Exploration Strategy	Conservative—avoids risky actions during exploration.	Aggressive—may take risky actions to find the optimal policy.
Use Case	Safety-critical tasks (e.g., robot obstacle avoidance).	Tasks where reward maximization is prioritized (e.g., game playing).

2. The SARSA Update Rule

SARSA updates the action-value function \(Q(s,a)\) using the TD error, which measures the difference between the expected return and the observed return. The update rule is:

\(Q(s,a) \leftarrow Q(s,a) + \alpha \left[ r + \gamma Q(s’,a’) – Q(s,a) \right]\)

Where:

\(\alpha \in [0,1]\): Learning rate (controls the magnitude of the update; smaller values = more stable learning).
\(\gamma \in [0,1]\): Discount factor (weights future rewards relative to immediate rewards).
r: Reward received after taking action a in state s.
\(s’\): The next state transitioned to after taking a.
\(a’\): The next action selected by the behavior policy (e.g., \(\epsilon\)-greedy) in state \(s’\).

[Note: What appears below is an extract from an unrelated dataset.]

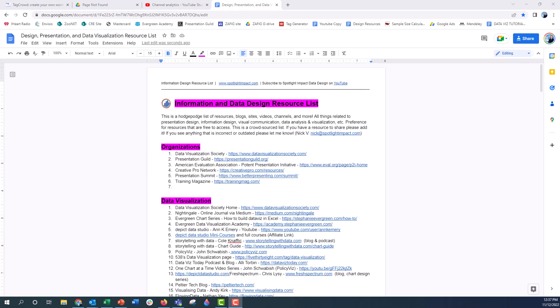So if you're in this Google Doc, you can see right here, this is one of my Google Docs here, a list of information and data design resources. This is an open Google Doc and I'll put the link below. I hope that you will contribute to it and use it and bookmark it.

3. Behavior Policy: \(\epsilon\)-Greedy Exploration

SARSA typically uses an \(\epsilon\)-greedy policy as its behavior policy to balance exploration and exploitation:

With probability \(1-\epsilon\): Exploit—select the action with the highest Q-value: \(a = \arg\max_{a} Q(s,a)\).
With probability \(\epsilon\): Explore—select a random action from the action space.

Over time, \(\epsilon\) is often decayed (e.g., \(\epsilon = \epsilon_{\text{start}} \times \epsilon_{\text{decay}}^t\)) to reduce exploration and converge to the optimal policy.

II. SARSA Algorithm Steps

The full SARSA algorithm for discrete state and action spaces is as follows:

Initialize: Set the action-value function \(Q(s,a)\) to arbitrary values (e.g., 0 for all \(s,a\)). Set \(Q(\text{terminal state}, a) = 0\) for all a.
For each episode:a. Initialize state: \(s \leftarrow \text{initial state of the environment}\).b. Select action: Choose a from s using the \(\epsilon\)-greedy policy based on Q.c. For each step of the episode:i. Take action a: Observe reward r and next state \(s’\).ii. Select next action: Choose \(a’\) from \(s’\) using the \(\epsilon\)-greedy policy based on Q.iii. Update Q-value: Apply the SARSA update rule to \(Q(s,a)\).iv. Update state and action: Set \(s \leftarrow s’\), \(a \leftarrow a’\).v. Terminate: If s is a terminal state, end the episode.
Repeat: Continue until the policy converges to the optimal policy \(\pi_*\).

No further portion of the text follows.